Mahkeme salonundaki izleyiciler ise ise Alemdaroğlu'nu alkışladı. Bunun üzerine Mahkeme Başkanı Köksal Şengün, sert bir ses tonu ile salondakileri uyararak, "Burası bağırma ve alkışlama yeri değildir. Çıkın dışarıda istediğiniz kadar bağırın, çağırın, alkışlayın. Az önce alkış tutanlar dışarı çıksın, dışarıda bağırsın, çağırsın, alkışlasın" dedi.” (http://www.ihlassondakika.com/detail.asp?id=191297)

Şu kahramana bakınız siz, kendini nasıl tanıtıyor: “Ben üniversitede türban darbesi yapmış birisiyim. 2 defa bu konuyla TBMM'de yargılandım ve aklandım.”

“Türban darbesi” ne güzel itiraf değil mi? Türban yasağı, evet bir darbedir. Kanun manun yok arkasında. Bir zorbalık var, o kadar. Binlerce kızımız, kadınımız yok yere işkenceden geçti, ikna odalarında faşizan baskılara uğradı, sınavlardan, okullardan atıldı, işlerinden oldu. Babalar, kardeşler bir şeyler yapamamanın ezikliği ile başları yerde utançla yaşadılar. İnsaflı eğitimciler kan ağladı…

Dahası, ülke türbanla kilitlendi. Anayasa Mahkemesi verdiği kararla Meclisin üstüne ipotek koydu. 411 milletvekili ve yetmiş milyon yok sayıldı. Demokrasiye alenen kıyıldı. Gerçek laiklik katledildi. Din ve vicdan özgürlüğü derin devletin çağdışı ideolojisine kurban verildi. Kendi kurumları olan ve zor zamanlarında hep yanında yer alan sözde “dini” değil “idari” bir kurum olan Diyanet “başörtüsü Allah Teâlâ’nın emridir” diye fetva verdiği halde, yok sayıldı. Hatta sırf bu yüzden darbe beklentisi oluşturuldu ve millet sindirildi…

Sanki bu bir faziletmiş gibi şimdi ucuz kahraman kalkmış “Ben üniversitede türban darbesi yapmış birisiyim” diyor. Hatta daha da ileri gidiyor ve “2 defa bu konuyla TBMM'de yargılandım ve aklandım.” Diyor.

Bu ne demek?

Meclis mahkeme mi ki adam yargılasın?

Meclis araştırma, soruşturma yapar ama yargılamaz kimseyi. Yargılama yargının işidir. Kemal Alemdaroğlu bunu bilmez mi?

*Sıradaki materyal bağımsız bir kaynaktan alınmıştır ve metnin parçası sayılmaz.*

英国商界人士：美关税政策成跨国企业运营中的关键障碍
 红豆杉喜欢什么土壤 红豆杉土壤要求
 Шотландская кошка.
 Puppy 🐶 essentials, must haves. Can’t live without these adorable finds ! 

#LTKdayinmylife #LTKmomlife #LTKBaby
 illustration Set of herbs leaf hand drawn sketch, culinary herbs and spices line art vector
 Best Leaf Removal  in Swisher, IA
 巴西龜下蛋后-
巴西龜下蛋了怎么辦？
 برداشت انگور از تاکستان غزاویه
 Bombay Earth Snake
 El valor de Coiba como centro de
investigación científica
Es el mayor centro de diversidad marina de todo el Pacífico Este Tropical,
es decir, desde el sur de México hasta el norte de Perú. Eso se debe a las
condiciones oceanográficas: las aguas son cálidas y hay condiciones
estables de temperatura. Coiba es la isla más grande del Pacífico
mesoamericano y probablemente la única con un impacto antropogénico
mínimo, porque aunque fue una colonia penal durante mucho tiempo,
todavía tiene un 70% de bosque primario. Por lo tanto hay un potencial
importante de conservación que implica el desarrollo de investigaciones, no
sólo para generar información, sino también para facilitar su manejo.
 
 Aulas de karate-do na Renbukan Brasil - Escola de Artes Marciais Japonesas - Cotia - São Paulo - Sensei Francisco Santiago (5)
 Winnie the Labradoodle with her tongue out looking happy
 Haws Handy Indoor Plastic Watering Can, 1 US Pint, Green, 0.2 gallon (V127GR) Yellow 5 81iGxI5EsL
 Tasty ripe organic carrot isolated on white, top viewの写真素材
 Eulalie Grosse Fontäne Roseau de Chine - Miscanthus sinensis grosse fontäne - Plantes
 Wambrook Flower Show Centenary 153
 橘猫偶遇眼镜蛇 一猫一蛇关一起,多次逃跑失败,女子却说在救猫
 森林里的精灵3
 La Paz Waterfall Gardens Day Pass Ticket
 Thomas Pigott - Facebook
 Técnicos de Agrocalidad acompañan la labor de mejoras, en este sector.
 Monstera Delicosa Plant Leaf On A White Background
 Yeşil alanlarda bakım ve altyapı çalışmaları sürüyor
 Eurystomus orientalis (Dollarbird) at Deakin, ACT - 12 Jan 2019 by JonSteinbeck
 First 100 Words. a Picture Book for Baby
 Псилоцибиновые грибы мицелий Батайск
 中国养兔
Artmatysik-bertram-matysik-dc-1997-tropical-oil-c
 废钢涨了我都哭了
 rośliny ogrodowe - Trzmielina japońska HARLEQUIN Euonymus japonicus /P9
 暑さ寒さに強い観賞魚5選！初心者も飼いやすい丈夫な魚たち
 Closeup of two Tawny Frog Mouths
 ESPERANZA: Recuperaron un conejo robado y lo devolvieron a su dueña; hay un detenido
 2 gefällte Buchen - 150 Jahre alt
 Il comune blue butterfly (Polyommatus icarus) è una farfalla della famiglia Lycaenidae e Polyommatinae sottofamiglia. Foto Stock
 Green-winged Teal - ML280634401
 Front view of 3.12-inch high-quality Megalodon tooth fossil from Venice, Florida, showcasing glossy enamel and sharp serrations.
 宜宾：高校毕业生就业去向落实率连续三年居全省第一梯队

Bilir elbet, ama “ucuz kahramanlık” nasıl olsun?

Atalar “şıracının şahidi bozacı” demişler. Kemal Alemdaroğlu bunu söyleyince mahkeme salonundan bir alkış kopmuş. Mahkeme salonu değil de sanki tiyatro salonu. “Bu pervasızlık da nerden?” demeyin, dedik ya “ucuz kahramanlıktan”. Hala bir atlı prens mi beklerler, yoksa ölüp gitseler de dik mi tutarlar? Allah nasip eder de suçları yüzlerine okunursa, gerçek kahramanlığı o zaman göreceğiz inşallah.

Tarihin her devrinde hak ve halk düşmanları olmuştur. Hakikat savaşçıları da daima var olagelmiş ve bunlarla savaşmışlardır. Zafer ise Allah katındadır ve onu hak edenlere verir.

Kimler zaferi hak eder? Zaferi hak etmek nasıl olur?

Kitaplık bir konu. Nitekim biz uzunca bir zaman önce bunun kitabını yazmıştık. Bu günlerde “Hak Batıl Savaşında Zafer Şartları” diye matbaaya verdik. İnşallah yakın bir zamanda çıkar da okuyucusuyla buluşur.

Şimdi burada “alkışlama” sözü geçince birden dilime çok sevdiğim Mehmet Akif’in o güzel mısraları düştü. Bir şiirinde ne güzel diyordu merhum:

“Tükürün millete alçakça vuran darbelere,
Tükürün onlara alkış dağıtan kahpelere…”

Bu şiiri yeniden baştan sona bir kere daha okumanızı tavsiye ederim. Orada daha başkaları için de “yüzlerine tükürün” diyordu. Onların kim olduklarını hatırlamayanlar varsa, Müslümanların başucu kitaplarından biri olan “Safahat”tan bu şiiri mutlaka okumalıdır.